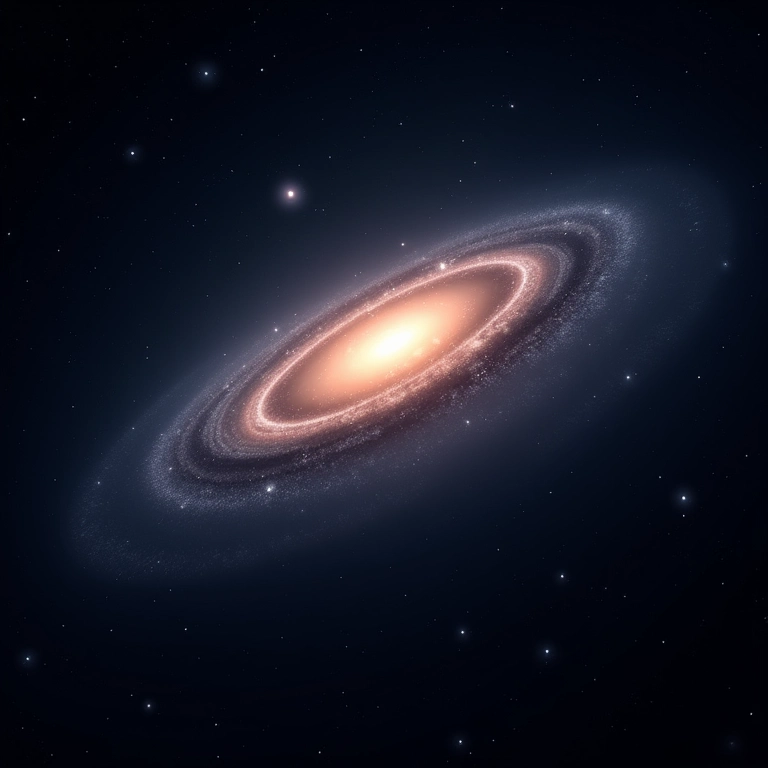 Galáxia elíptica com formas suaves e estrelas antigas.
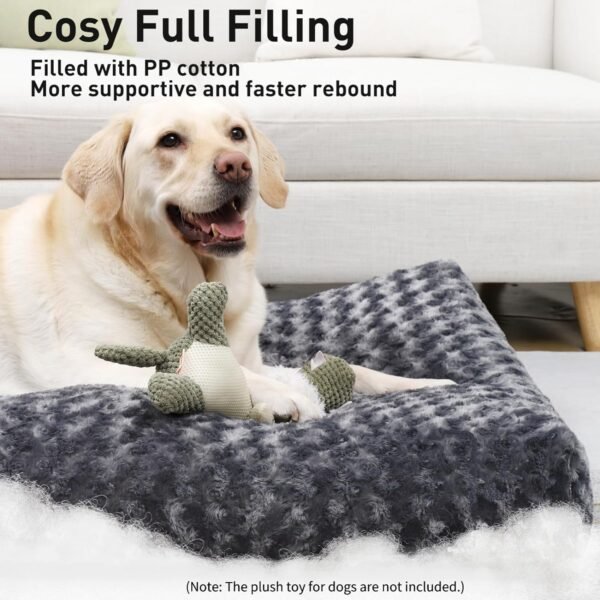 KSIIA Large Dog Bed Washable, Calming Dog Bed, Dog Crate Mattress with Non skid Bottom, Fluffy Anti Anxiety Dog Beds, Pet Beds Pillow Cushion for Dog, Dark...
┄┄┄┄┄┄┄┄┄┄
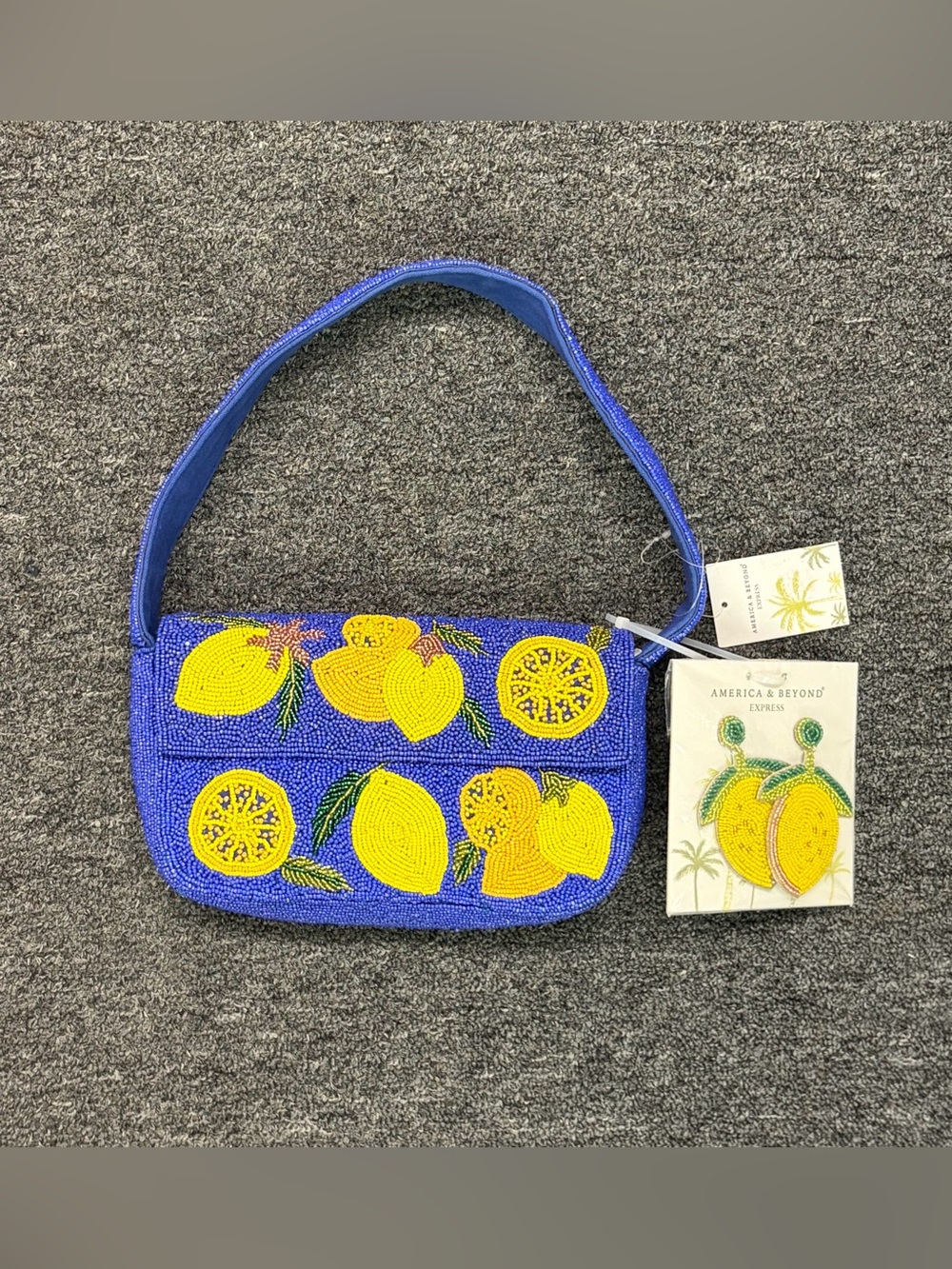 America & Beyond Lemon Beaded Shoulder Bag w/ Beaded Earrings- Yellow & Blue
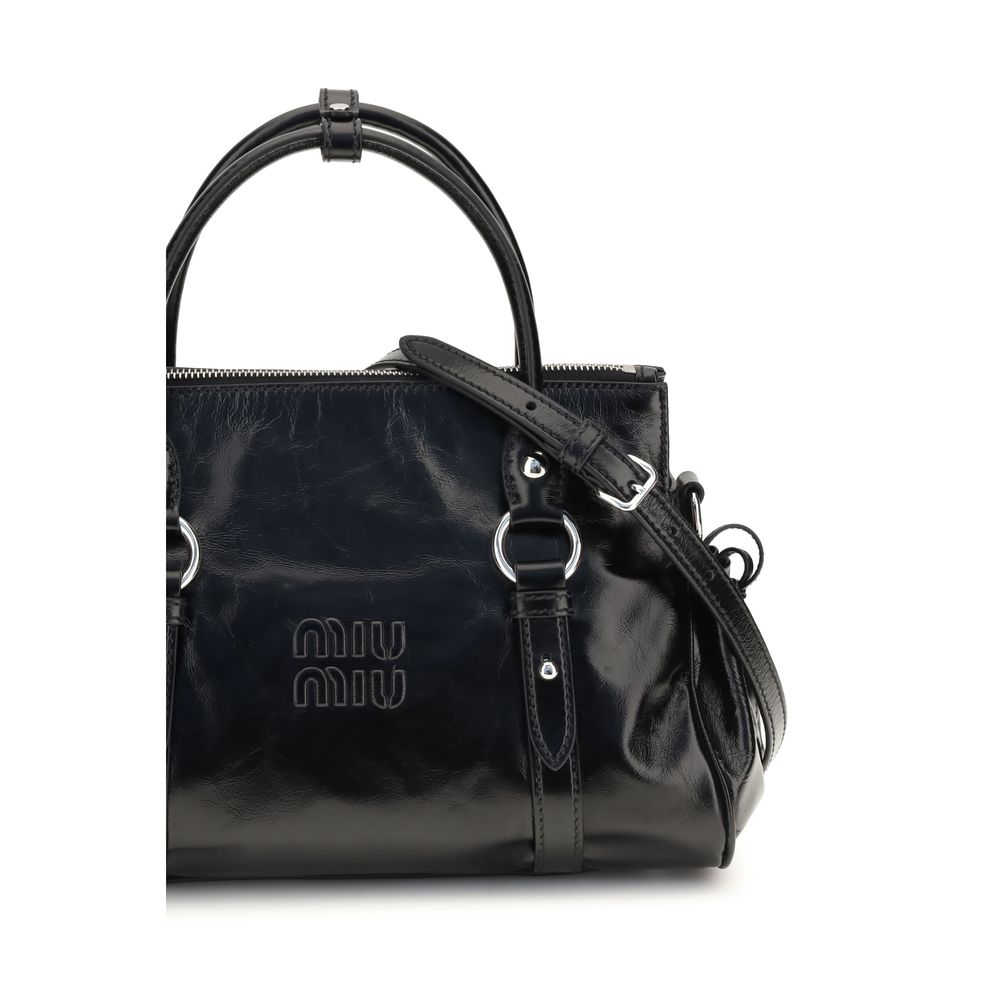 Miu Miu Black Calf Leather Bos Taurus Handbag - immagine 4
┄┄┄┄┄┄┄┄┄┄
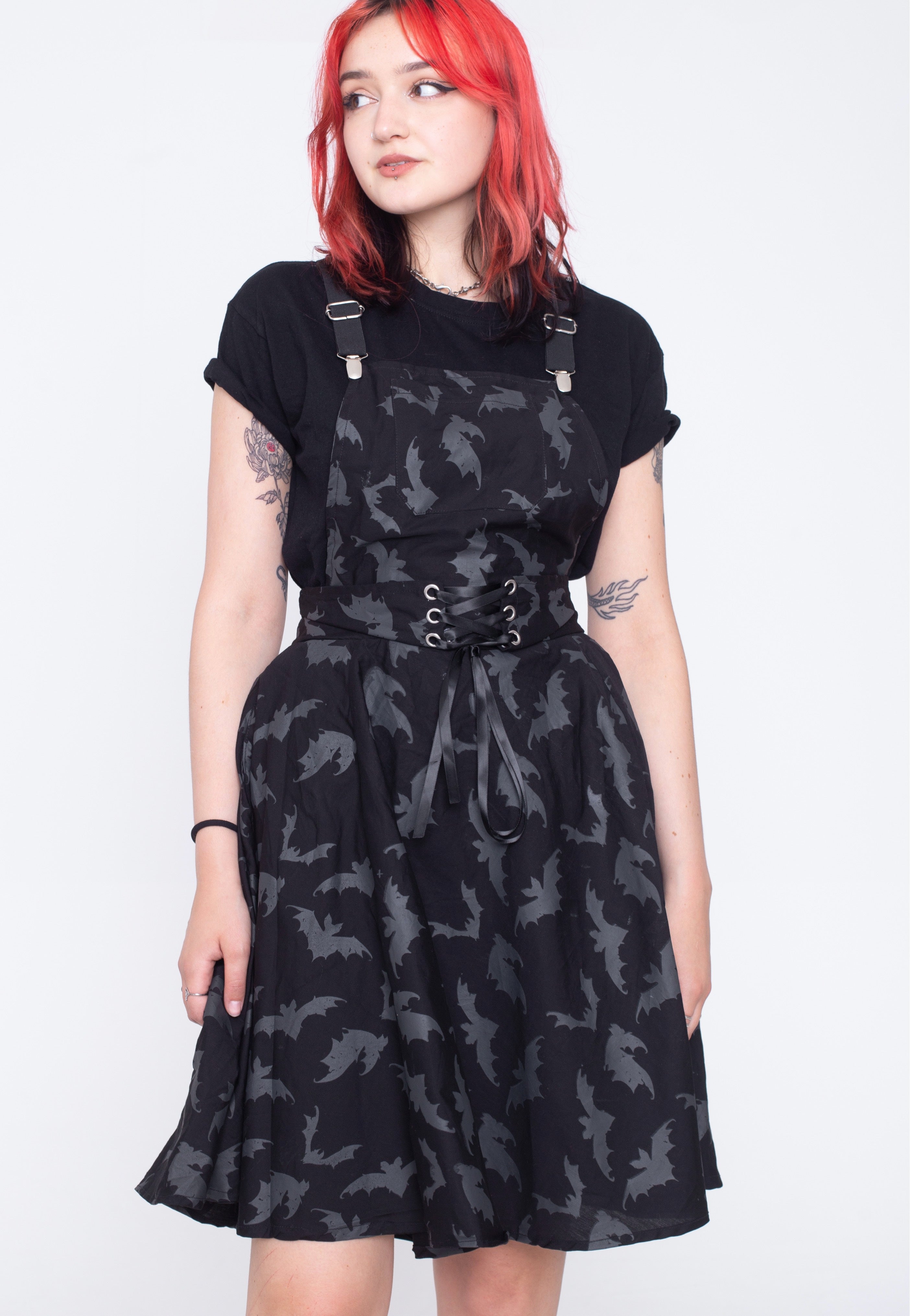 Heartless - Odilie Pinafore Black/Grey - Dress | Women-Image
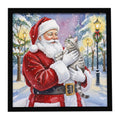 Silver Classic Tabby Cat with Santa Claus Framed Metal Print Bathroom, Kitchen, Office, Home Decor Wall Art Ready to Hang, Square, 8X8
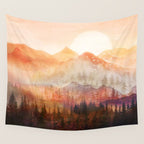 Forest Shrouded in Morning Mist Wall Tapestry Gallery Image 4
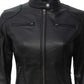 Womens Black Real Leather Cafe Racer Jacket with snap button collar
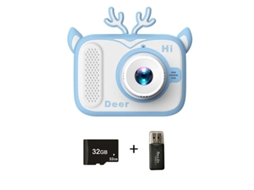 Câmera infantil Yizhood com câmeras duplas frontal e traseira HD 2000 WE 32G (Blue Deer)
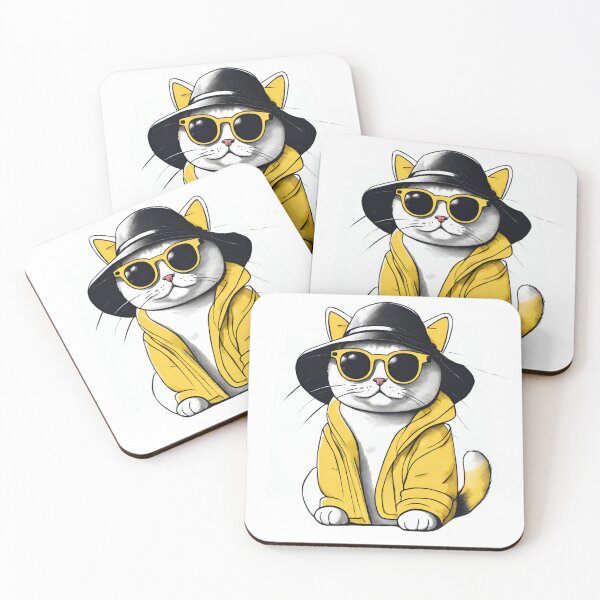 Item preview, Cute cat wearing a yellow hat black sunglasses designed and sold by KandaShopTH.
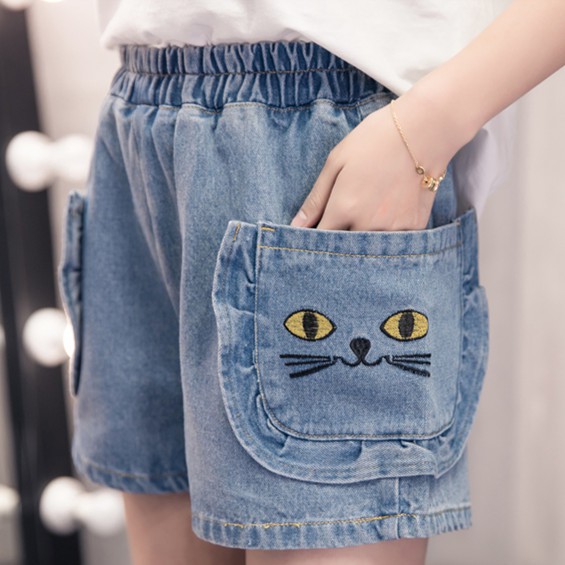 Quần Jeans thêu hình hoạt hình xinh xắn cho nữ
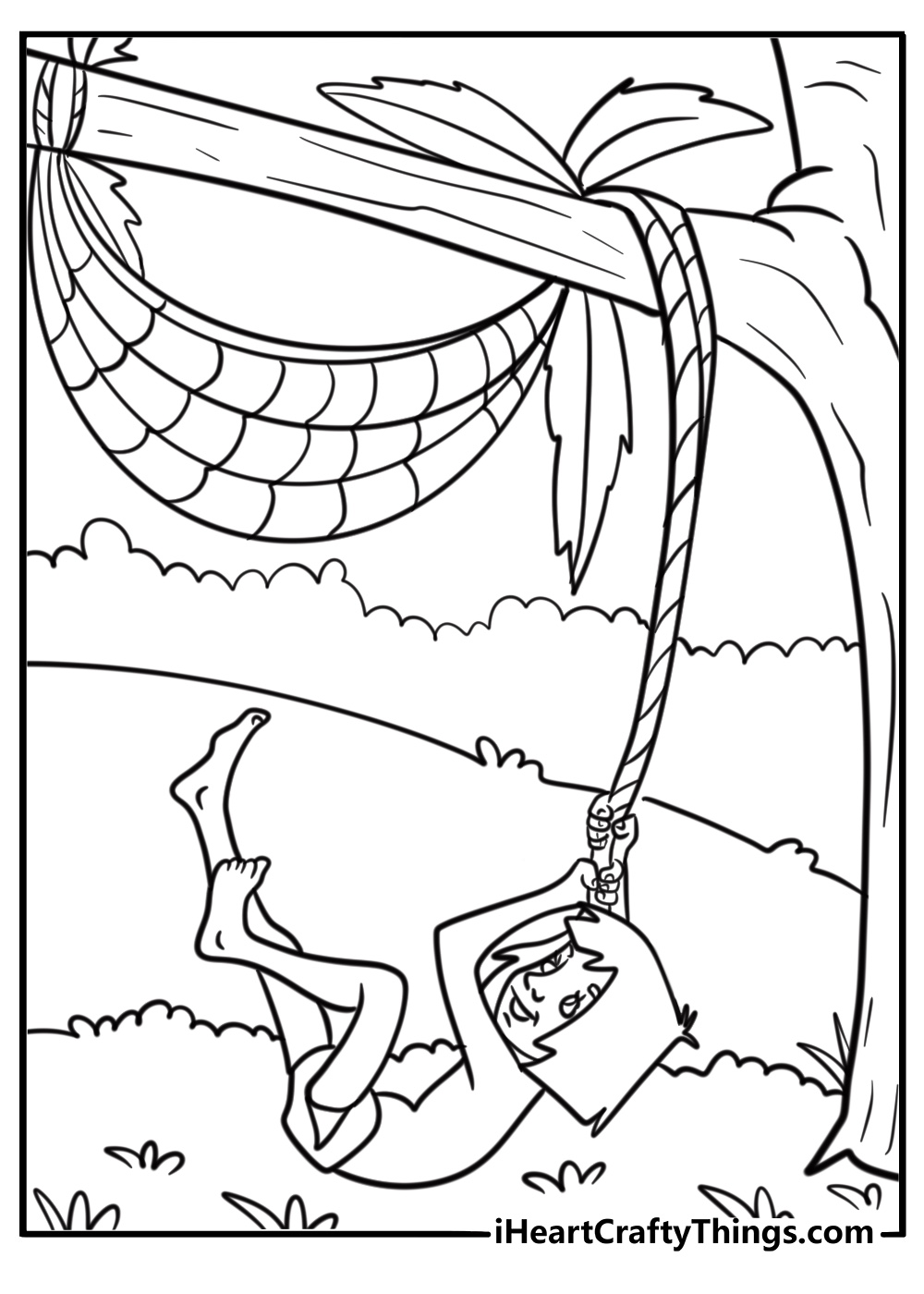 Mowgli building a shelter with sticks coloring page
┄┄┄┄┄┄┄┄┄┄
[Task directions]:
Copy out exactly the lines above beginning with the line that contains "Forest Shrouded in" and finishing with the line that contains "Mowgli building a", including both; leave the pictures out.

[Response area]:
 Forest Shrouded in Morning Mist Wall Tapestry Gallery Image 4
 Womens Black Real Leather Cafe Racer Jacket with snap button collar
 Câmera infantil Yizhood com câmeras duplas frontal e traseira HD 2000 WE 32G (Blue Deer)
 Item preview, Cute cat wearing a yellow hat black sunglasses designed and sold by KandaShopTH.
 Quần Jeans thêu hình hoạt hình xinh xắn cho nữ
 Mowgli building a shelter with sticks coloring page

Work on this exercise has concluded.